Brief descriptive captions
============

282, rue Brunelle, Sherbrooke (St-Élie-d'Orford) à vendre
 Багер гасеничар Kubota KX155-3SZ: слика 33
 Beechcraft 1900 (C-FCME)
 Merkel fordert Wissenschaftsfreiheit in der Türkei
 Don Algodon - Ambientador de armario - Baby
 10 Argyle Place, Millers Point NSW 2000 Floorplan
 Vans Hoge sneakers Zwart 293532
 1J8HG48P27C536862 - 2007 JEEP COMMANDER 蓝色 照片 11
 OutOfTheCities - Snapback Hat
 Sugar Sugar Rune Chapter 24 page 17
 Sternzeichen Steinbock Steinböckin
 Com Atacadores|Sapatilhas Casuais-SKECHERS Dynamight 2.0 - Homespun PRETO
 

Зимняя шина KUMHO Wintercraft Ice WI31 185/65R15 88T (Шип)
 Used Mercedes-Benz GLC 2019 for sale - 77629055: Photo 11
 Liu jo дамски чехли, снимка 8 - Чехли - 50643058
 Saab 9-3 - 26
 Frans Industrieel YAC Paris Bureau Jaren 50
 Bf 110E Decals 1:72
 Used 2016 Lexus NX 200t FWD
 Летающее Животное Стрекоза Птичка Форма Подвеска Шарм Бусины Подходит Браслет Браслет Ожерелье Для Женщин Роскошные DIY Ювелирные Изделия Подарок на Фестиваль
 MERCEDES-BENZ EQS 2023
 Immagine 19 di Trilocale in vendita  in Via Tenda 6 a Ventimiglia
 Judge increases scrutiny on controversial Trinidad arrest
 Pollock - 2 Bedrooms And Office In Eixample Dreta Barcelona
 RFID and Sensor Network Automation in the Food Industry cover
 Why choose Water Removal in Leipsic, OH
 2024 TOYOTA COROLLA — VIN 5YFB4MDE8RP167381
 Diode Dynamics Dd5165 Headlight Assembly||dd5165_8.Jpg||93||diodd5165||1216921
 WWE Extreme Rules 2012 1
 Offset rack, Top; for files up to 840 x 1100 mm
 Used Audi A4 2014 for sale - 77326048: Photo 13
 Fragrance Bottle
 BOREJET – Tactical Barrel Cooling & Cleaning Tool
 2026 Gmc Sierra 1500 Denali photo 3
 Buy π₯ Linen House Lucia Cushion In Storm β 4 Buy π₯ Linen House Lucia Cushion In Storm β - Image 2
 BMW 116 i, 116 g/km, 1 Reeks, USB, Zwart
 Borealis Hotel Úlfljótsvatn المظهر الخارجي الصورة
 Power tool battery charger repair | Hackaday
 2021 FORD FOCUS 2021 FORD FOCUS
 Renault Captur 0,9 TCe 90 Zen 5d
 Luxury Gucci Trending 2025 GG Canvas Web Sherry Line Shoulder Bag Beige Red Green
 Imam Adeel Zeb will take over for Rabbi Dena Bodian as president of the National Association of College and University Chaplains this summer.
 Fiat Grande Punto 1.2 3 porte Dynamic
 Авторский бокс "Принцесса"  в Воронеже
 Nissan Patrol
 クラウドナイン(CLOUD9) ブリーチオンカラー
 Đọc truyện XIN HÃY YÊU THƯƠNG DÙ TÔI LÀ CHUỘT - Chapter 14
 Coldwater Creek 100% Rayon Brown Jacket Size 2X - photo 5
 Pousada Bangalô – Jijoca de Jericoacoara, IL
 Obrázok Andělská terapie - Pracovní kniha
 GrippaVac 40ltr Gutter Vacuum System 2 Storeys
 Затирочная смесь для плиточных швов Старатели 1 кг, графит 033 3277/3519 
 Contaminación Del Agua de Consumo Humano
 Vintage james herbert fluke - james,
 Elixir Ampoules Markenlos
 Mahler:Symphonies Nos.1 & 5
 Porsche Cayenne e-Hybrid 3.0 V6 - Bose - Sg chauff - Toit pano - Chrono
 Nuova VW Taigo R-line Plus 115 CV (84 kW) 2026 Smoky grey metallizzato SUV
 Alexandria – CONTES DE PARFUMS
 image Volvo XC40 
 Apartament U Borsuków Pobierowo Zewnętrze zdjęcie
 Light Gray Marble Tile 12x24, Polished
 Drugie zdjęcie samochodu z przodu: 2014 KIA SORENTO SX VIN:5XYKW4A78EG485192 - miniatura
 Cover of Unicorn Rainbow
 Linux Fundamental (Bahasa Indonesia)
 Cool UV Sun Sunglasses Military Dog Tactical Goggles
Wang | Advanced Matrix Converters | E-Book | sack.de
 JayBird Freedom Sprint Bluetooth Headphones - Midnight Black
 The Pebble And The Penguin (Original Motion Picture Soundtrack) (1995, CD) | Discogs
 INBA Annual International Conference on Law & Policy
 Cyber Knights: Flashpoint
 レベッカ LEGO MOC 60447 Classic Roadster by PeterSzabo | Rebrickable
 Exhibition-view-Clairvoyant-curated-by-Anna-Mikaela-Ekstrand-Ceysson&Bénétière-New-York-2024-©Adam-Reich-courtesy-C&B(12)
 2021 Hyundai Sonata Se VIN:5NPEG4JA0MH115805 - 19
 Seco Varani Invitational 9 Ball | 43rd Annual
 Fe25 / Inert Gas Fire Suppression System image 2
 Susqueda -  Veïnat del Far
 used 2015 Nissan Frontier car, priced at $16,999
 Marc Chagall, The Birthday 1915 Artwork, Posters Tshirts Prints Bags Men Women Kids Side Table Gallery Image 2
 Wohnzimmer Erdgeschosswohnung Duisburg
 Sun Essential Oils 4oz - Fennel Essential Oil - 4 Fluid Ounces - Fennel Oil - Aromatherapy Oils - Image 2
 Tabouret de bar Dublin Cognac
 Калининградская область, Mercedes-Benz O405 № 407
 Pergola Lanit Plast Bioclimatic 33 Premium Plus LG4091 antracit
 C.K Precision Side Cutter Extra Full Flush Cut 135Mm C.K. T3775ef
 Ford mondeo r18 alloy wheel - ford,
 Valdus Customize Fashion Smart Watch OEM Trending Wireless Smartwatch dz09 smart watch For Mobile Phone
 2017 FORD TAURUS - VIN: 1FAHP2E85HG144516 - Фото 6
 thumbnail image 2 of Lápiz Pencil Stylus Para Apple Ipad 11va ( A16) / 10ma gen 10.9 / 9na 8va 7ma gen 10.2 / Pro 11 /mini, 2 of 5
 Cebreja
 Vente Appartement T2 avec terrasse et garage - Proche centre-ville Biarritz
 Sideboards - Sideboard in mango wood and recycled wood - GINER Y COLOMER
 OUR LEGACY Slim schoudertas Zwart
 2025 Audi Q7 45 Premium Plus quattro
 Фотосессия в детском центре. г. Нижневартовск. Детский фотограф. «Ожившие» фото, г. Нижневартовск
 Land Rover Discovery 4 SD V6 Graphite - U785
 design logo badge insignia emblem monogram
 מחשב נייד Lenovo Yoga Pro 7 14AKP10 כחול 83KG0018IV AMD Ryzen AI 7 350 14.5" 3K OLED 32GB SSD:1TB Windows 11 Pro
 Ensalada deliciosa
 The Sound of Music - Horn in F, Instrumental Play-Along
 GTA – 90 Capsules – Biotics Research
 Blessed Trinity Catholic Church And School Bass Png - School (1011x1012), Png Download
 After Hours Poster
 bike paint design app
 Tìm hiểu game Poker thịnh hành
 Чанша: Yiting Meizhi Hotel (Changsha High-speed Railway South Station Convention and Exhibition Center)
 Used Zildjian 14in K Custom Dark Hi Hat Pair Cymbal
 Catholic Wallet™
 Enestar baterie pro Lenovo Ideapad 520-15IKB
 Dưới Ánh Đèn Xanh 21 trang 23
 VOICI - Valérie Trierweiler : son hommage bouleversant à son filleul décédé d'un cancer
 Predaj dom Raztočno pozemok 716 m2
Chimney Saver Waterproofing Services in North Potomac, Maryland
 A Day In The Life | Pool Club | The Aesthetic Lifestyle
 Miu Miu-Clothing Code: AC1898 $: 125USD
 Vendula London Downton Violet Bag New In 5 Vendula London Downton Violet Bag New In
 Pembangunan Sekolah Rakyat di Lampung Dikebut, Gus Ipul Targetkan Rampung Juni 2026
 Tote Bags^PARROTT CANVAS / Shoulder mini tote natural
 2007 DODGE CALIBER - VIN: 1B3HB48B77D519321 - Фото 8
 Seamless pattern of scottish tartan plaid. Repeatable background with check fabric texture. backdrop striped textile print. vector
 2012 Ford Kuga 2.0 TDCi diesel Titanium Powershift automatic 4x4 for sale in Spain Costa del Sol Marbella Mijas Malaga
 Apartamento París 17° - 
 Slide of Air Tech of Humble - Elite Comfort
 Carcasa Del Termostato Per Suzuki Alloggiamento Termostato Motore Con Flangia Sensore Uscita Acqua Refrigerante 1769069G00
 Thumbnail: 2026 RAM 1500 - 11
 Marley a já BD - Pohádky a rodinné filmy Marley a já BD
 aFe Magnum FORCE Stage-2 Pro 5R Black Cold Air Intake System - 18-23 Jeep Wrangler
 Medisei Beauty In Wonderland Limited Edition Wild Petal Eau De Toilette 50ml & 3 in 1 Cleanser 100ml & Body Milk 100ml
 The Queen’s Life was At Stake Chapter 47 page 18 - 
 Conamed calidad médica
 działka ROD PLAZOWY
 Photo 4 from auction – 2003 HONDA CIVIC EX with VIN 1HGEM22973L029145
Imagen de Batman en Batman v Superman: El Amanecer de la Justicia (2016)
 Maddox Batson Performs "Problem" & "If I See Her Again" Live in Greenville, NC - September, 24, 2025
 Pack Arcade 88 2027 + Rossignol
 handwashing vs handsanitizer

============

§ INSTRUCTIONS TO FOLLOW
Of all the entries above, output exactly the lines between the one holding "Power tool battery charger repair | Hackaday" and the one holding "Cover of Unicorn Rainbow", inclusive.

§ OUTPUT FOR THIS EXERCISE
 Power tool battery charger repair | Hackaday
 2021 FORD FOCUS 2021 FORD FOCUS
 Renault Captur 0,9 TCe 90 Zen 5d
 Luxury Gucci Trending 2025 GG Canvas Web Sherry Line Shoulder Bag Beige Red Green
 Imam Adeel Zeb will take over for Rabbi Dena Bodian as president of the National Association of College and University Chaplains this summer.
 Fiat Grande Punto 1.2 3 porte Dynamic
 Авторский бокс "Принцесса"  в Воронеже
 Nissan Patrol
 クラウドナイン(CLOUD9) ブリーチオンカラー
 Đọc truyện XIN HÃY YÊU THƯƠNG DÙ TÔI LÀ CHUỘT - Chapter 14
 Coldwater Creek 100% Rayon Brown Jacket Size 2X - photo 5
 Pousada Bangalô – Jijoca de Jericoacoara, IL
 Obrázok Andělská terapie - Pracovní kniha
 GrippaVac 40ltr Gutter Vacuum System 2 Storeys
 Затирочная смесь для плиточных швов Старатели 1 кг, графит 033 3277/3519 
 Contaminación Del Agua de Consumo Humano
 Vintage james herbert fluke - james,
 Elixir Ampoules Markenlos
 Mahler:Symphonies Nos.1 & 5
 Porsche Cayenne e-Hybrid 3.0 V6 - Bose - Sg chauff - Toit pano - Chrono
 Nuova VW Taigo R-line Plus 115 CV (84 kW) 2026 Smoky grey metallizzato SUV
 Alexandria – CONTES DE PARFUMS
 image Volvo XC40 
 Apartament U Borsuków Pobierowo Zewnętrze zdjęcie
 Light Gray Marble Tile 12x24, Polished
 Drugie zdjęcie samochodu z przodu: 2014 KIA SORENTO SX VIN:5XYKW4A78EG485192 - miniatura
 Cover of Unicorn Rainbow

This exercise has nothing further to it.